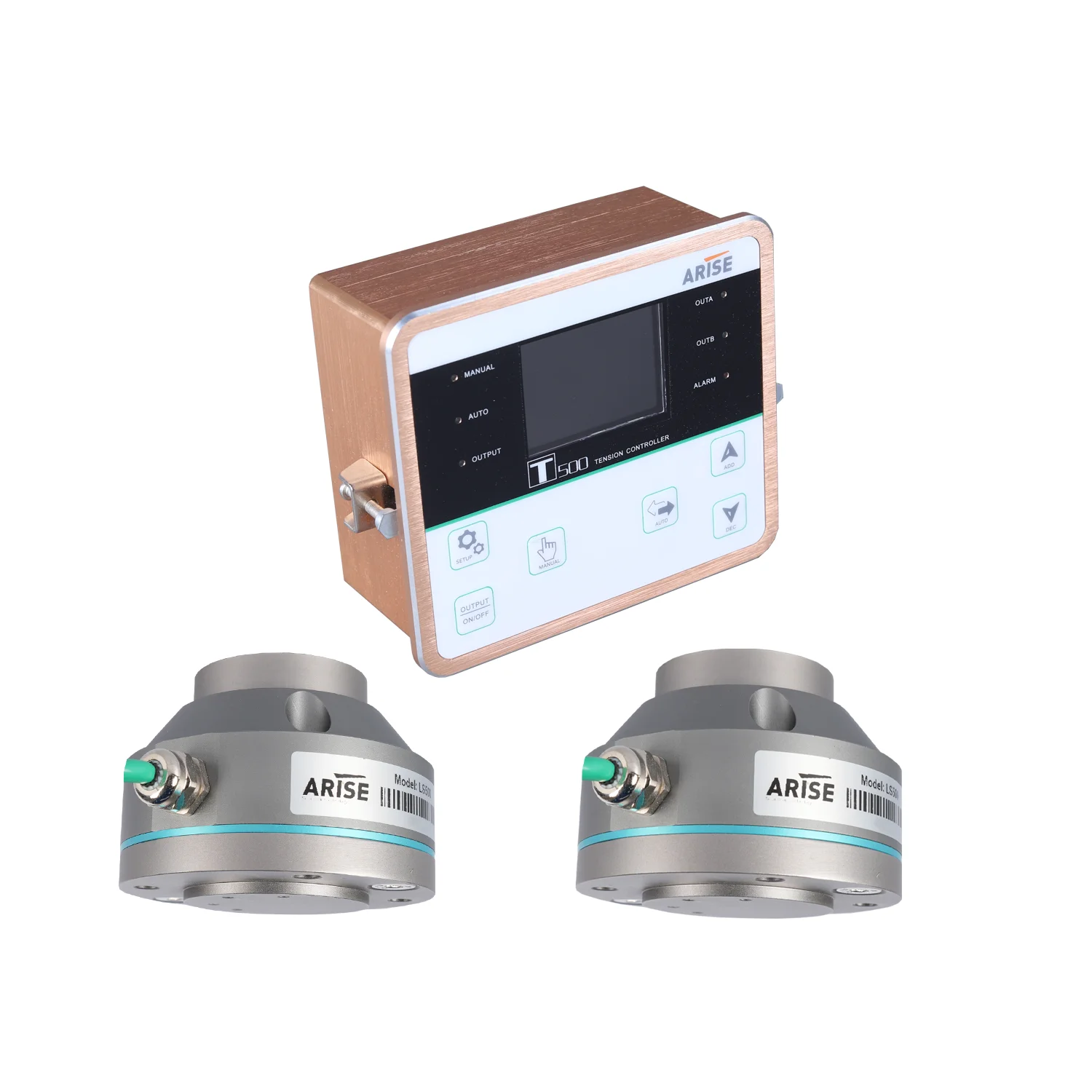 Auto Manual Tension Control System with Tension Sensor tension load cell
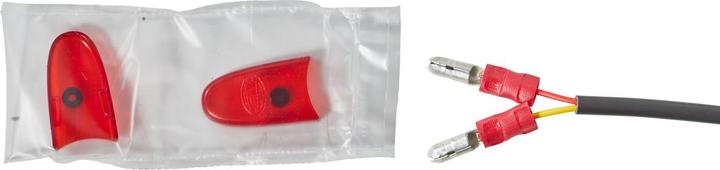 Actual product image Hella 30 Additional rear brake light LED for HOBBYCAR
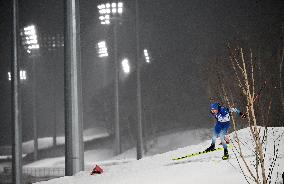 (BEIJING2022)CHINA-ZHANGJIAKOU-OLYMPIC WINTER GAMES-BIATHLON-MEN'S 12.5KM PURSUIT (CN)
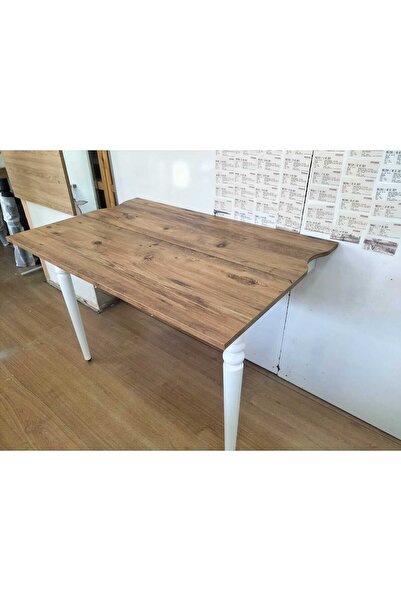 güneyahşapmobilya 130 X 40 DUVARA MONTE KATLANIR MASA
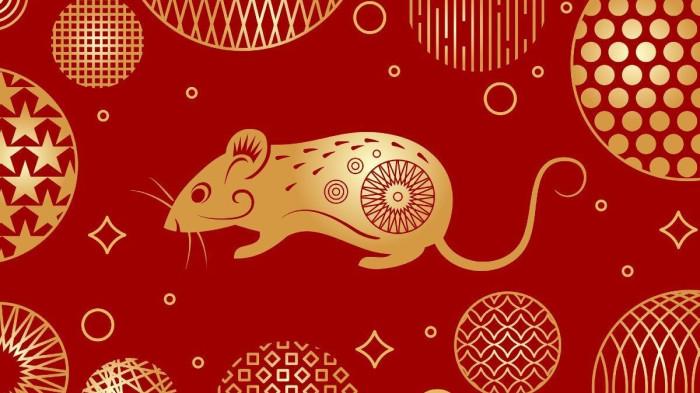 SHIO TIKUS- Ilustrasi Shio Tikus yang menjadi shio paling hoki menurut ramalan shio hari ini, 30 Mei 2026.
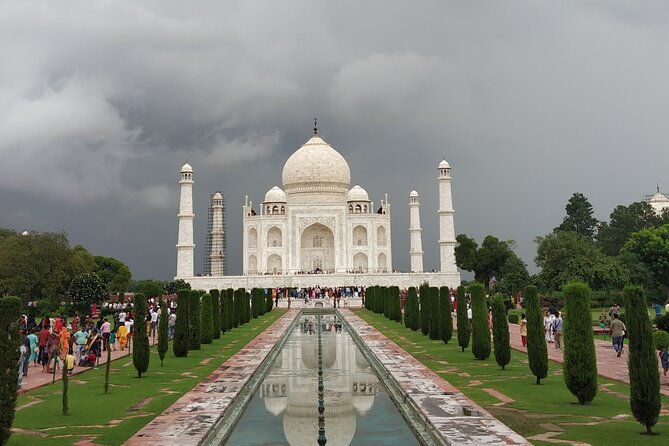 Same Day Agra Tour by Car From Delhi All Inclusive - Things to Keep in Mind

# # # # #

**EXERCISE REQUIREMENTS:**
Line by line, reproduce exactly the lines from the one containing "SHIO TIKUS- Ilustrasi" through the final line of the material, both included, leaving every picture out.

**RESPONSE TO THE EXERCISE:**
 SHIO TIKUS- Ilustrasi Shio Tikus yang menjadi shio paling hoki menurut ramalan shio hari ini, 30 Mei 2026.
 Same Day Agra Tour by Car From Delhi All Inclusive - Things to Keep in Mind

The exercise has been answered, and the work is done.